Zerra One (also known as Zerra 1) were an Irish new wave band formed in Ireland in 1982. They recorded two albums but split up in 1987 due to a lack of commercial success.

== History ==

Zerra One were formed in 1982 by vocalist and keyboardist Paul Bell, guitarist Andreas Grimminger, bassist Adrian Wyatt and drummer Mike Mesbur. That year, the band supported The Cure on their UK and European tour in April–June, and released "Let's Go Home" as their debut single. It was released by Top Hole Records in the Netherlands only. Later in December, the band supported U2 for five dates. Two singles were released in the UK during 1983 on the Second Vision label. Although "The West's Awake" and "The Banner Of Love (How I Run to You)" did not generate any major commercial success, the latter single reached No. 33 on the UK Independent Singles Chart.

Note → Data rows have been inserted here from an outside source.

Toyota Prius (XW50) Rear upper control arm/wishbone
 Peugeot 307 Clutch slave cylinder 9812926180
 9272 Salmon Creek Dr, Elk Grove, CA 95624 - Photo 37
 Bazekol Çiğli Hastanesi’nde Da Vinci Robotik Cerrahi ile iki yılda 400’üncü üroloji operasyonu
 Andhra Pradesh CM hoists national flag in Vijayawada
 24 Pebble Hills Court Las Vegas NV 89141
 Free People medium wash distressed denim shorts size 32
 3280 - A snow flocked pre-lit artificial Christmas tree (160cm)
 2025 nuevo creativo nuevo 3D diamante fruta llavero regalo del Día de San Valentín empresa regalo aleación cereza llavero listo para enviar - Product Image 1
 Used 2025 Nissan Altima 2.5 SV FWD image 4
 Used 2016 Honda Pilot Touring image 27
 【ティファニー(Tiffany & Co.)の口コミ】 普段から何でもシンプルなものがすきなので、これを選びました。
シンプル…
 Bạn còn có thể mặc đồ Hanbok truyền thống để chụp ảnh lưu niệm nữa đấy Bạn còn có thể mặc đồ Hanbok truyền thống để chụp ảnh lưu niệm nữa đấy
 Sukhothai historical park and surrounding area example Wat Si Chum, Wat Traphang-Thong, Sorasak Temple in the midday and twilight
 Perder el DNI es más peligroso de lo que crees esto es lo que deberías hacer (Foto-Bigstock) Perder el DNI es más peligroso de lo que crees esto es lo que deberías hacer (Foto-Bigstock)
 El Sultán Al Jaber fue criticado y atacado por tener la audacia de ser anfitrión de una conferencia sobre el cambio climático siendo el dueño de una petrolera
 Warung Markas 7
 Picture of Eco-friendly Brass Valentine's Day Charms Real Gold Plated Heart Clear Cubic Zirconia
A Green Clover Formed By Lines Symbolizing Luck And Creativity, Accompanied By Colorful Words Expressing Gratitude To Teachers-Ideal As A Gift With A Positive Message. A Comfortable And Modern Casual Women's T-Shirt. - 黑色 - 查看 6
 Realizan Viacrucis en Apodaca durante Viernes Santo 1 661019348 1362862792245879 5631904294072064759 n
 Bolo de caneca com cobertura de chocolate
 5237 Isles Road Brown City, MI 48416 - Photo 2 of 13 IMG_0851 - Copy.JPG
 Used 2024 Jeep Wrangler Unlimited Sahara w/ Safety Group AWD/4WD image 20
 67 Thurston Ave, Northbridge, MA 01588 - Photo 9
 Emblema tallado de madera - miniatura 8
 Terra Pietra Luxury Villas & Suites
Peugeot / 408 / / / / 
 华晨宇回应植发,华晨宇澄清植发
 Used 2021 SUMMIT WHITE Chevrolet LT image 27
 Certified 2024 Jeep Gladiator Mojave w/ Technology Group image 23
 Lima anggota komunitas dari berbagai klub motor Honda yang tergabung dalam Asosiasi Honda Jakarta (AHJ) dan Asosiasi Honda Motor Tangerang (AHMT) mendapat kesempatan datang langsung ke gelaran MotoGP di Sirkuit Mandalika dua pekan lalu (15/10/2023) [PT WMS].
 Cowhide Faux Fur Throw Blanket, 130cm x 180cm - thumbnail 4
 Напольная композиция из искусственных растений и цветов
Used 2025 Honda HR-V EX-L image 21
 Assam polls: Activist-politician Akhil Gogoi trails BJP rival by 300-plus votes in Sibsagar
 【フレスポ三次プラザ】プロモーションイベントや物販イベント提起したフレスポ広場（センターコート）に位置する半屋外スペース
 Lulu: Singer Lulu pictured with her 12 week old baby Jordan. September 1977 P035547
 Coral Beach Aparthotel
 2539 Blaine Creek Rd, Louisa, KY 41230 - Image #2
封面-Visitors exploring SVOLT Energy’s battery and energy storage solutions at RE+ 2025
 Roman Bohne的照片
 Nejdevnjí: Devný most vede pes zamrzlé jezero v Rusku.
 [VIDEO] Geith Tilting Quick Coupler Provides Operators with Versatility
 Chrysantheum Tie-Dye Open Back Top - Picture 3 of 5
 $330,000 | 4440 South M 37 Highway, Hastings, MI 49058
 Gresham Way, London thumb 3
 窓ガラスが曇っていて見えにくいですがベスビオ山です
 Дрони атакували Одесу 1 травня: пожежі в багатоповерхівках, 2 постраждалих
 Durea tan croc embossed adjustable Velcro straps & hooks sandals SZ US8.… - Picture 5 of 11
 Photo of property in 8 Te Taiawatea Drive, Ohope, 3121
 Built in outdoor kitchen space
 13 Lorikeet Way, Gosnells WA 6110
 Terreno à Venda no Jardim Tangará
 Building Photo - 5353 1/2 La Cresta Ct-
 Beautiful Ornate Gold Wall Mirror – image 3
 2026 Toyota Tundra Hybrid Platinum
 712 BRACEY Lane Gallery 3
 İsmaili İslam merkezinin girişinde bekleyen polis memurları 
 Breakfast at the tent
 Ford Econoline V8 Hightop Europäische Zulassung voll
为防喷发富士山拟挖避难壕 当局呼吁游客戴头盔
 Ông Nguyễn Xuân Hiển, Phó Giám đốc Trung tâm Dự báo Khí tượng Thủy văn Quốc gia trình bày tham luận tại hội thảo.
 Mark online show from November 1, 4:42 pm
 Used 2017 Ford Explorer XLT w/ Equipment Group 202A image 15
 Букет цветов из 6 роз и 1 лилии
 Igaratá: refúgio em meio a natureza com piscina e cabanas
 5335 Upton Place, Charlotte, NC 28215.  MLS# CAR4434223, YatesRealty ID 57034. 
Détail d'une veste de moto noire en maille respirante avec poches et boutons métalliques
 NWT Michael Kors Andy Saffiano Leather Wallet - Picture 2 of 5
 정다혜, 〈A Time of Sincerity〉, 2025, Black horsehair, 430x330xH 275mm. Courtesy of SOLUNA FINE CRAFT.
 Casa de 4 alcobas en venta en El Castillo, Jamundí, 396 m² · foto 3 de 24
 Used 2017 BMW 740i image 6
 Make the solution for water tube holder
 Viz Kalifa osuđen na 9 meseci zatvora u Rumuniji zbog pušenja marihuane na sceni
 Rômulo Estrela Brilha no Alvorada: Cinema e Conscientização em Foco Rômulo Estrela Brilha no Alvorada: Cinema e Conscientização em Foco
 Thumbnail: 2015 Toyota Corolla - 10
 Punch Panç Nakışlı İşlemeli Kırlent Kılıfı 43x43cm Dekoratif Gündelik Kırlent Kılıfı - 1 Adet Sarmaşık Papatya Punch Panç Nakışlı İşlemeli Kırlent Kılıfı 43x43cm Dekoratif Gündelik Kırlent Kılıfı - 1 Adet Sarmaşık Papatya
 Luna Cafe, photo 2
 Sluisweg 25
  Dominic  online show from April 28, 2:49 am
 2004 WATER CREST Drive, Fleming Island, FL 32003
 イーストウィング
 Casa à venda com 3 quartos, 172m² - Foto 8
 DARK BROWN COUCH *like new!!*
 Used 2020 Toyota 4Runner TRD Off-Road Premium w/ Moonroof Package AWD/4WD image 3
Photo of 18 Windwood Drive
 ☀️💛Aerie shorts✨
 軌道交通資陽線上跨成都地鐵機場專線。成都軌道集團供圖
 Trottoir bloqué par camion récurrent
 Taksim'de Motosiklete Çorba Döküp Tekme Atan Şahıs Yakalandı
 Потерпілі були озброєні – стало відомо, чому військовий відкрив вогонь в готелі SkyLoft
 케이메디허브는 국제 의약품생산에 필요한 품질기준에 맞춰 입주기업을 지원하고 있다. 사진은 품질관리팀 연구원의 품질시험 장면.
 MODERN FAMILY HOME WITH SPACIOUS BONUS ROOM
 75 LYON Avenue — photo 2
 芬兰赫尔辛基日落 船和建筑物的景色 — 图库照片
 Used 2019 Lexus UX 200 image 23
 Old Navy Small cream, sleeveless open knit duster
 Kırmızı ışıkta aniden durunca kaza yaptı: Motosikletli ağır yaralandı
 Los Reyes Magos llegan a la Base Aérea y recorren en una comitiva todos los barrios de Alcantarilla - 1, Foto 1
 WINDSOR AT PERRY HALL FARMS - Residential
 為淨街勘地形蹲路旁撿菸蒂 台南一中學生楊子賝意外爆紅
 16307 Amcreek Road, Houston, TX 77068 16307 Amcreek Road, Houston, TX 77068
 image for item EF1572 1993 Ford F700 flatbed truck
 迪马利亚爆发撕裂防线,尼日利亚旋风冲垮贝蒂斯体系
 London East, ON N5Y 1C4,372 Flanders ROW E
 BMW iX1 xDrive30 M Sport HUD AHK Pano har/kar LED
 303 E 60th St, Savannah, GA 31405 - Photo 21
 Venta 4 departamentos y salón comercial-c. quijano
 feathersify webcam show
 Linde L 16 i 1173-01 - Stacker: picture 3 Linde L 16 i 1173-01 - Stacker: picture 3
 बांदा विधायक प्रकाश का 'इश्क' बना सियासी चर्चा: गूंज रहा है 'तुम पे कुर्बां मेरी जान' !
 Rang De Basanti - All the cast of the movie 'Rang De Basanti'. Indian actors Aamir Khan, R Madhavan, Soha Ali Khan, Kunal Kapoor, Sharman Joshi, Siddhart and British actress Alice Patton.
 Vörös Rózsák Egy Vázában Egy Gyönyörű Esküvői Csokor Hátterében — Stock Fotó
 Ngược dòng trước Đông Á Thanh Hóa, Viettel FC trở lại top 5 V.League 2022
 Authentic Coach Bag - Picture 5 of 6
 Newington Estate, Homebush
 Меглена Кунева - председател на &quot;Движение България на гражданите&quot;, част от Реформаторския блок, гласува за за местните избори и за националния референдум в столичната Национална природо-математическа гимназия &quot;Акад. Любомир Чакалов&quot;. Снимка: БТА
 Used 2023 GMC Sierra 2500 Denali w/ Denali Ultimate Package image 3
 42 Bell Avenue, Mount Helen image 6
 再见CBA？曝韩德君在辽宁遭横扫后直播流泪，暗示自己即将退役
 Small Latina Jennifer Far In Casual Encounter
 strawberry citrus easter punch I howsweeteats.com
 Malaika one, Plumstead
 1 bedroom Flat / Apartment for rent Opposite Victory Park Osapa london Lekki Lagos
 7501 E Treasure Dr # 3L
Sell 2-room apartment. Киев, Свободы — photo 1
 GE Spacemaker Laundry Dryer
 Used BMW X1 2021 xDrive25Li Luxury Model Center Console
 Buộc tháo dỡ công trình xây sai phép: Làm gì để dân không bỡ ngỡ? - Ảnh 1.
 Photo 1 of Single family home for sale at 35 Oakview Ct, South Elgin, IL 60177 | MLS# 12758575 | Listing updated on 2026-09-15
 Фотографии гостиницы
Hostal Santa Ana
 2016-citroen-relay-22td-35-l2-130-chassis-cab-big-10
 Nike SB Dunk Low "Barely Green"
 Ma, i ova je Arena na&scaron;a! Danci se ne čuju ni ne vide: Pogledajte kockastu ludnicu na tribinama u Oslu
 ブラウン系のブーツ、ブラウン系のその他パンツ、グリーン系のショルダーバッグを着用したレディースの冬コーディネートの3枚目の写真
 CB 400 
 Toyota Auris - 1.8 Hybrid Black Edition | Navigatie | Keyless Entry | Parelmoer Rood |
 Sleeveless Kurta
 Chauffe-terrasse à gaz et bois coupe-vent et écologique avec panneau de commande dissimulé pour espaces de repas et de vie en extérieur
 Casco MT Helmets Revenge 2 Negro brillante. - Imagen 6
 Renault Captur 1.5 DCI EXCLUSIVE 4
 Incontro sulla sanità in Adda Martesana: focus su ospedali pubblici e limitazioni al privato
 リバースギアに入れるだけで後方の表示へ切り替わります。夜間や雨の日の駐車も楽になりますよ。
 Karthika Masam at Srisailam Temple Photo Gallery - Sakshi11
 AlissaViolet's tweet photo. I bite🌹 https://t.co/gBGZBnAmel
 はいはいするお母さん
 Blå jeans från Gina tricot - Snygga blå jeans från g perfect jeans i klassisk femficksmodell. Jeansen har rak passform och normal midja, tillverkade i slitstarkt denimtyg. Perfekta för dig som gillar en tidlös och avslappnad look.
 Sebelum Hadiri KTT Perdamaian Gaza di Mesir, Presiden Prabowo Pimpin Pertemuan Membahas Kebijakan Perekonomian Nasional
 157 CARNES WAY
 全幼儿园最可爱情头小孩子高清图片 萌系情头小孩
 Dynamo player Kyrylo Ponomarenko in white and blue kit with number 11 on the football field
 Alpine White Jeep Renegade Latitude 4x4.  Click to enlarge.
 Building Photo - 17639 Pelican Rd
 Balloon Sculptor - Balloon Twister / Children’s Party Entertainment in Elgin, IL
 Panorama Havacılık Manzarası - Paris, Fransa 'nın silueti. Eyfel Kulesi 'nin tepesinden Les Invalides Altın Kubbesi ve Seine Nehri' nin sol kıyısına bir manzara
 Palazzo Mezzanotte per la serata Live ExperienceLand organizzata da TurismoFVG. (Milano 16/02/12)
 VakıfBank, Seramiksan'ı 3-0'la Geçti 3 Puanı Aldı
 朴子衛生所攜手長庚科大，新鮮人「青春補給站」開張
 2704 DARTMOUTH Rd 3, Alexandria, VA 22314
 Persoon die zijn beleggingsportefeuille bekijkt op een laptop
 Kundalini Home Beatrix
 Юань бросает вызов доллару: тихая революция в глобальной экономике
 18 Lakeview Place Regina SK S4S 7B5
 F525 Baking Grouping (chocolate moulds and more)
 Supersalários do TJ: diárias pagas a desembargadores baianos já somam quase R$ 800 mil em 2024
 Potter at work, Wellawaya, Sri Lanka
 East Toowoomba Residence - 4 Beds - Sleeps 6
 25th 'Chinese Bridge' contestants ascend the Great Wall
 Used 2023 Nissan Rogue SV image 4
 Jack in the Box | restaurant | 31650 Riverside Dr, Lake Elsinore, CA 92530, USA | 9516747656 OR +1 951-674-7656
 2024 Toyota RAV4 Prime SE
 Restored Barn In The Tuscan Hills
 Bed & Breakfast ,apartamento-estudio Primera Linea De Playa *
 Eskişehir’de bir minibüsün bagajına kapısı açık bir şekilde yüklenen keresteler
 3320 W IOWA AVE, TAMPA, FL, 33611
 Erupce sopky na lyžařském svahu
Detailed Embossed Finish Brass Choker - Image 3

In February–March 1984, the band toured as a support act of The Boomtown Rats. The same year saw the band signing to Mercury. Their first single for the label was "Ten Thousand Voices, Message from the Peoples". That year, their self-titled debut album was also released, which spawned the singles "Tumbling Down" and "Mountains and Water". Released across Europe, the album was produced by Todd Rundgren, but failed to give the band their commercial breakthrough. A revised version of the album was released in Canada in 1985 on the Vertigo label. It was re-titled Mountains and Water. A remix of "Rain", taken from the debut album, was released in the UK in 1985.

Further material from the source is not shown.